Scenes From The Southside picks up where Hornsby’s sparkling debut The Way It Is left off, an album full of rolling, crisply arranged, soulful keyboard-based pop-rock that showcases Hornsby’s literate storytelling and warm vocals.  Hornsby receives great support here from his initial backing quartet The Range, comprised of guitarists George Marinelli and Peter Harris, Joe Puerta on bass and John Molo on drums.

“Look Out Any Window” is a powerful opener, an expansive, punchy and purposeful number with an environmentalist message, and it’s followed by three of the best songs Hornsby has ever recorded.  “The Valley Road,” “I Will Walk With You” and “The Road Not Taken” are a trio of gorgeous story-songs, embellished with tasteful piano and synth arrangements and sterling support from The Range.  The arrangements are outstanding; “Valley Road” features a couple of instrumental sections that comprise some of the most supple, melodic and downright gorgeous piano work ever to grace a pop song.  They are remarkable in part because they are so precise and restrained, in contrast to the self-consciously show-offy, everything-but-the-kitchen-sink approach Hornsby would later adopt.my_heart_sings_the_harmony_web_ad_alt_250

And the lyrics fit the music perfectly -- there’s a gentle melancholy about these tunes, sensitive and insightful fables about human nature and human failings.  They have a depth to them that his later stuff simply lacks. His later material might stretch and challenge his musical chops more, but for the most part it lacks any semblance of the emotional impact of a song like “The Road Not Taken.”  The exquisite “Road” captures a bittersweet moment that feels both personal and universal, that moment where you’re thinking back on the choices you’ve made in life, and letting your mind explore – without regret, but with deep feeling nonetheless -- what might have been if you’d made them differently.

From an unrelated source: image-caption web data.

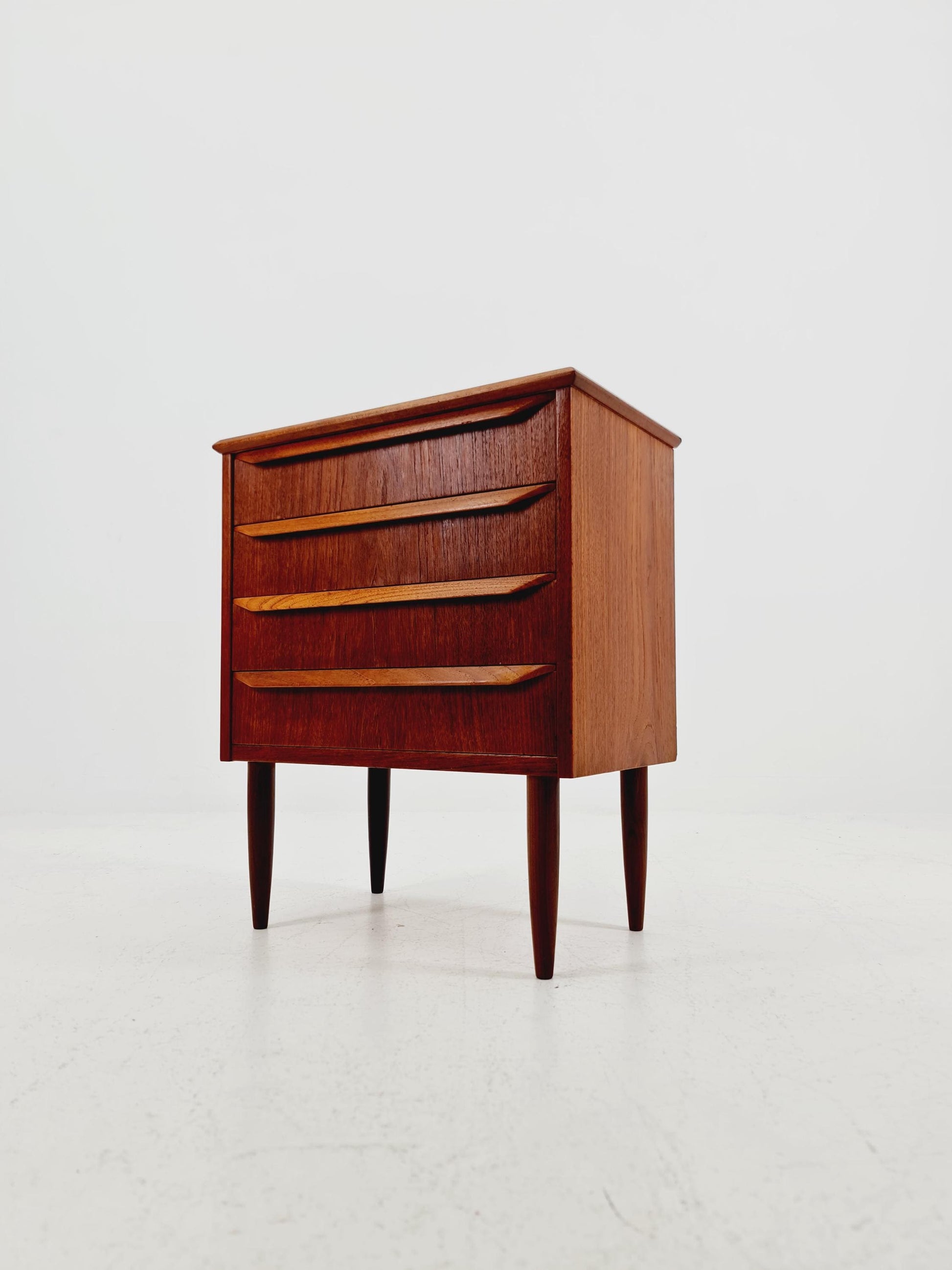 Midcentury danish drawer dresser /4 drawers by Egon Jaxhjem 1960s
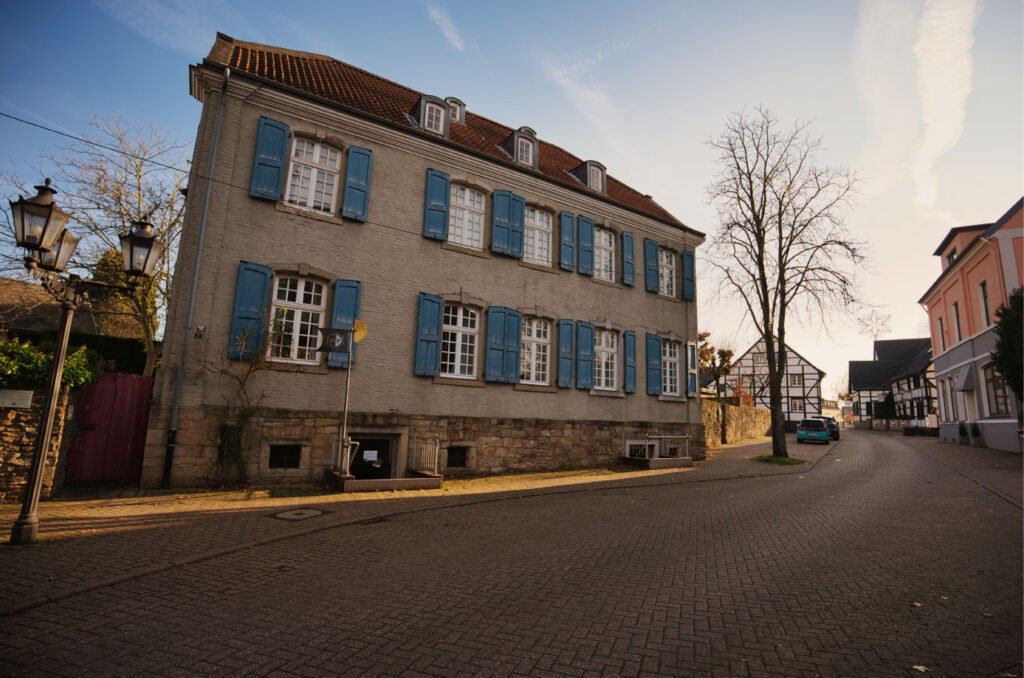 Häuserzeile mit blauen Fensterläden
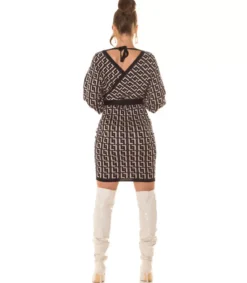 Musta printtikuvioinen wrap-look v-neulemekko lepakkohihoilla ja vyöllä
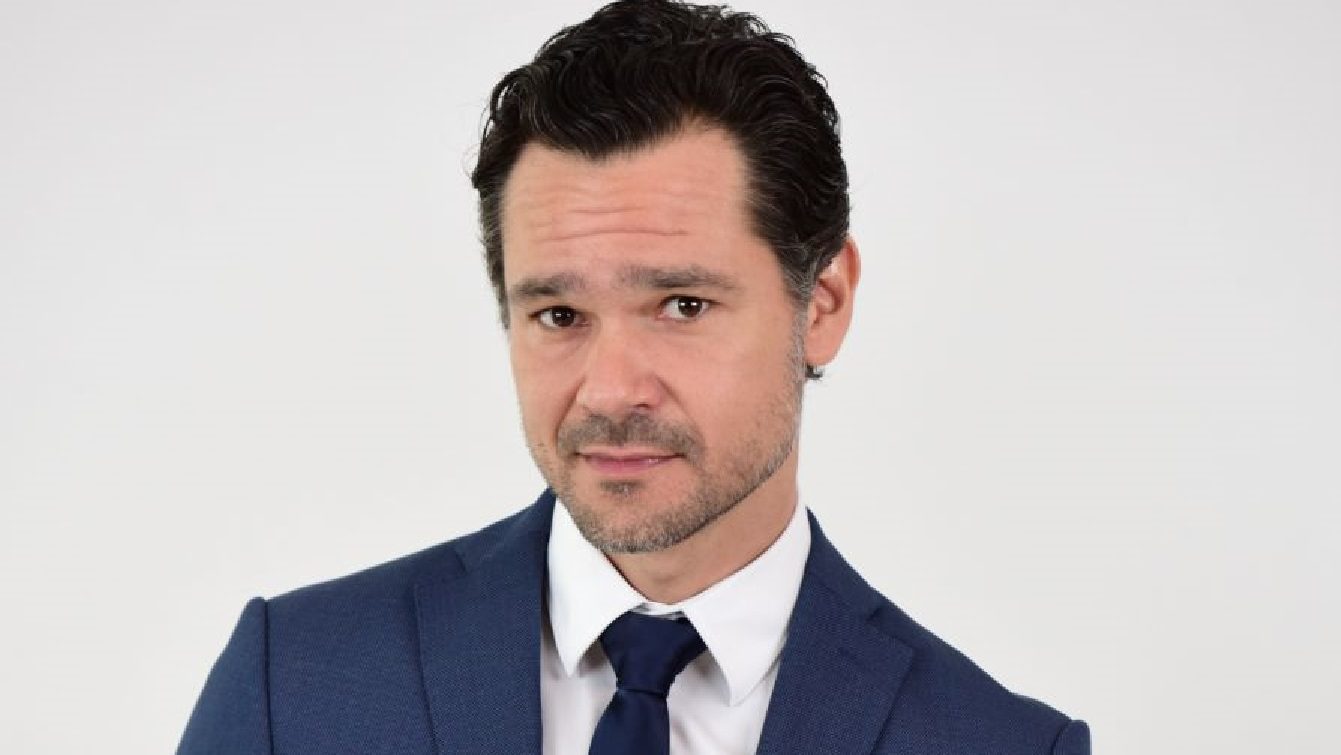 Gabriel Gracindo como Leandro em Amor Sem Igual (Blad Meneghel / Record TV)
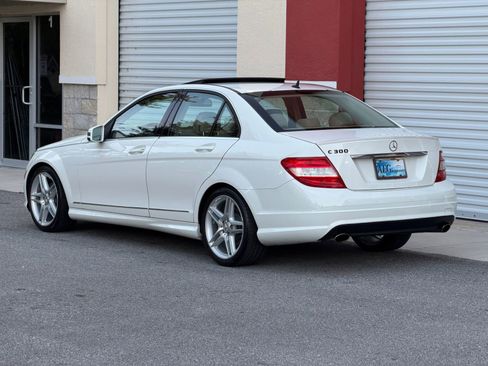 Used 2011 Mercedes-Benz C 300 Sedan image 11
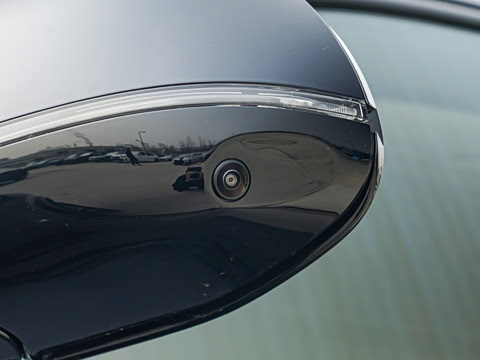 2026�� �Ŀ� xDrive 30Li ������M�˶���ҹ��װ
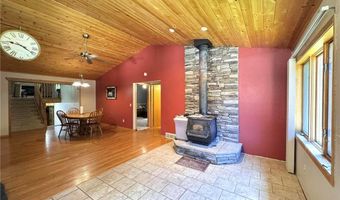 1932 17th St NW, Backus, MN 56435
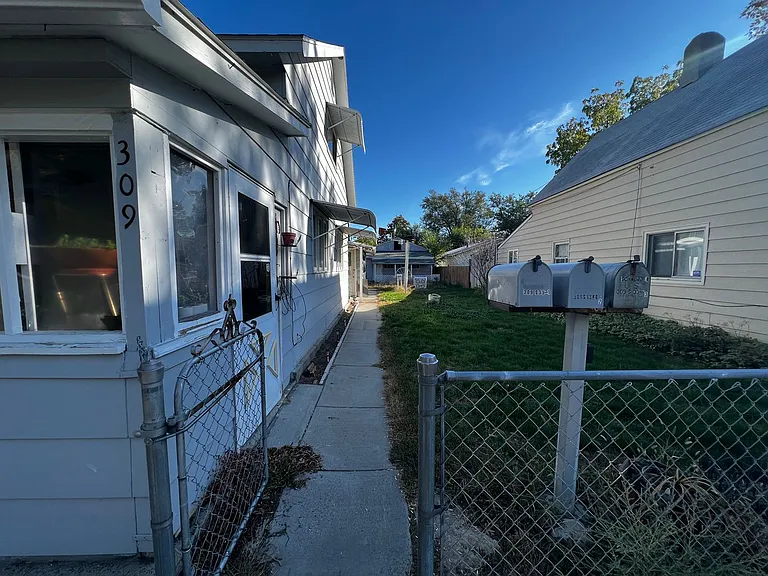 309 S 33rd St — Photo 11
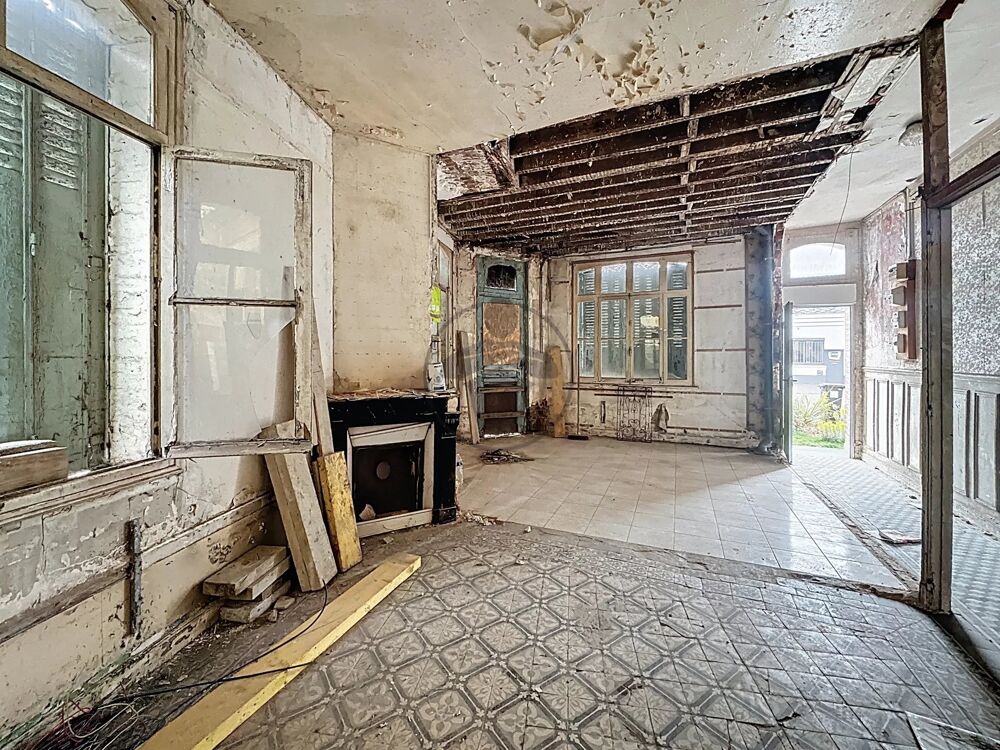 Maison de ville à rénover ou diviser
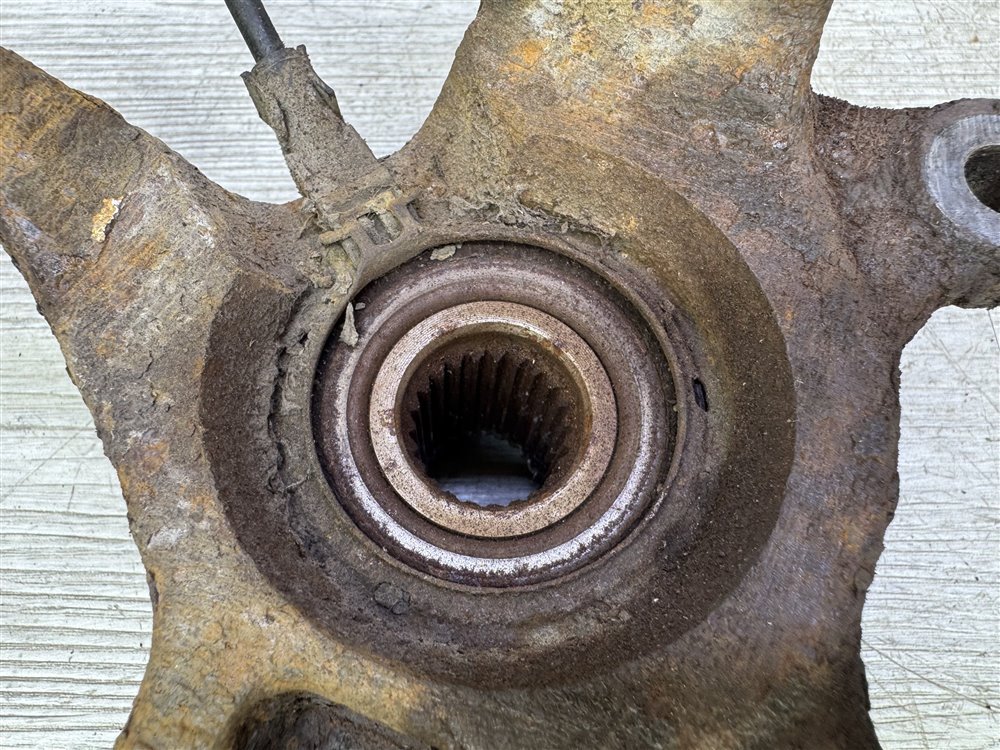 Кулак поворотный, 8500 рублей, Севастополь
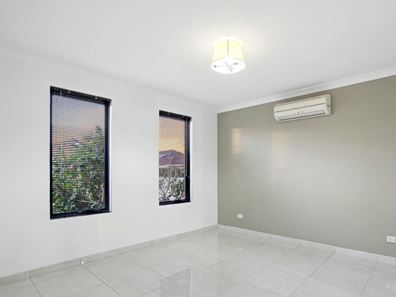 19 Gadsden Terrace, Success WA 6164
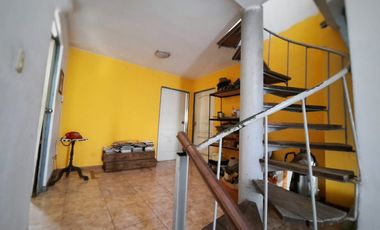 IMPACTANTE CASA DE 5 DORMITORIOS CON PISCINA EN ZONA THOMPSON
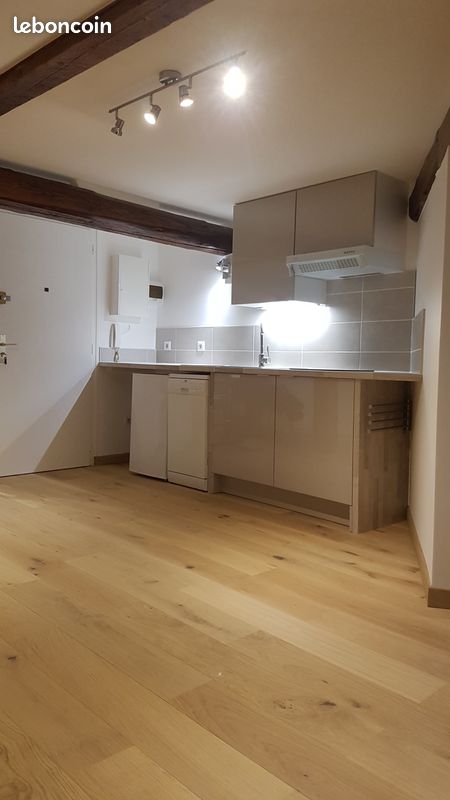 Appartement 1 pièce 40 m² · à Aix-les-Bains · 40 m² · 570 €
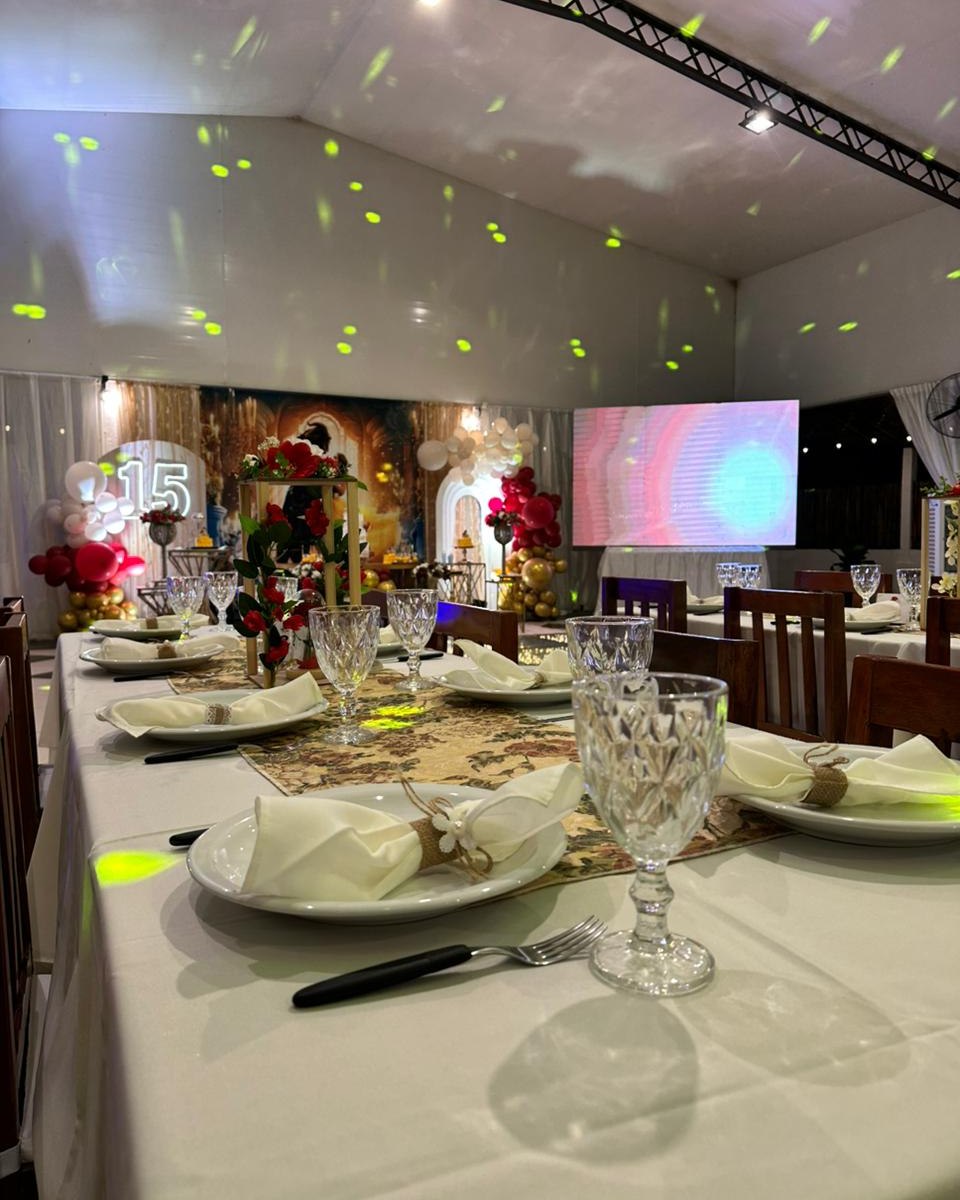Mesa servida en el salón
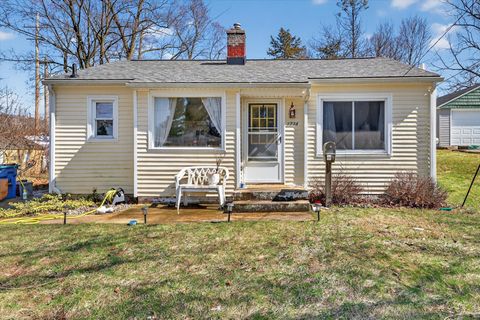 1734 Texel Drive Kalamazoo Charter Township MI 49048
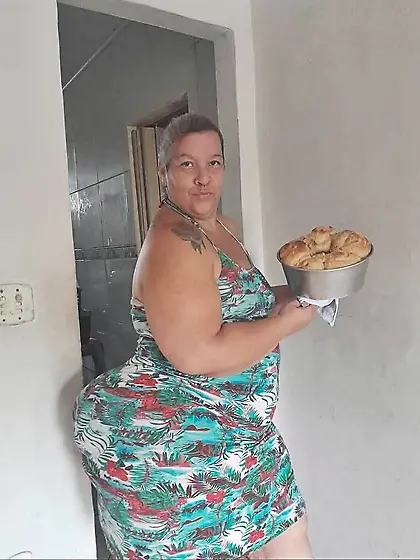 Hermosa Nalgona Latina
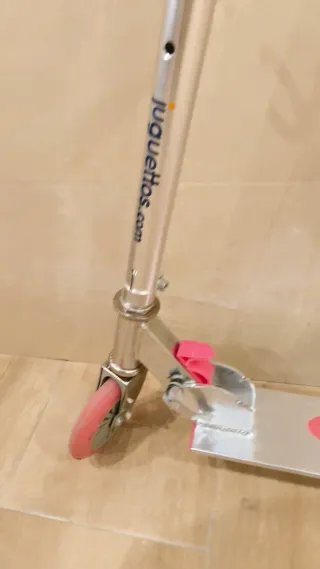 Patinete infantil Juguettos rosa y casco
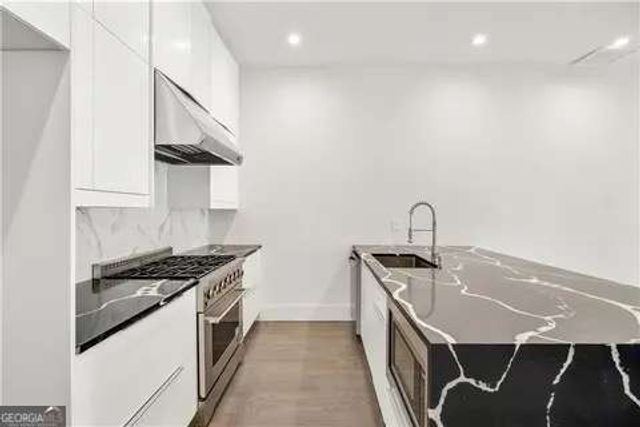 223 16th Street NW 8, Atlanta, GA 30363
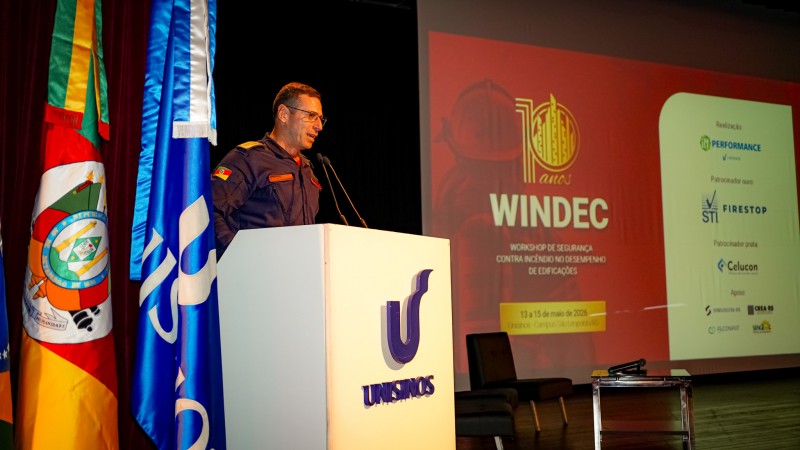 Na imagem o comandante do CBMRS discursa na abertura do evento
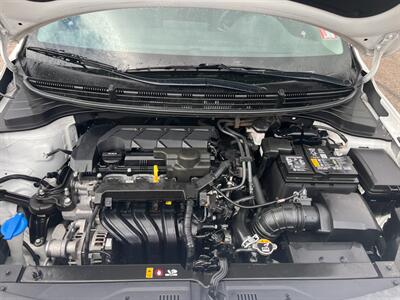 2022 Kia Rio LX   - Photo 9 - Tucson, AZ 85710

The warmth of Hornsby’s playing in the opening stanzas of “The Show Goes On” similarly captures everything that was great about these early songs -- it’s rich and melodic, never forced, always appealing.  Later in the going they play around a bit -- “Defenders Of The Flag” is as clean and sharp as the rest, but has more of a funk-soul vibe than anything else here and more emphasis on guitars and some nice harmonica work from Huey Lewis (who’s trading favors, having had a hit with Hornsby’s “Jacob’s Ladder,” the next song on the disc).

The key to the larger story, though, lies in the songwriting credits.  On The Way It Is, seven of the nine tracks were co-written by Hornsby’s brother John.  On Southside, John co-wrote six of the nine, and on the subsequent A Night On The Town, it was five.  On Harbor Lights, and ever after?  Zero, nada, zilch -- partnership over.  So perhaps the real story here is that in terms of songwriting, I’m apparently a much bigger fan of John Hornsby than his piano-playing brother.  The evidence seems clear that it was John’s influence that drove the writerly, introspective lyricism of the best songs in Hornsby’s catalogue.

Musical deduction-slash-conjecturing aside, Scenes From The Southside is among the premier piano-driven pop-rock albums of its era.  Not even a subtle drop-off in quality in the second half can do much to dim the glow of what is undeniably a great album -- unfortunately, Bruce Hornsby’s last great album.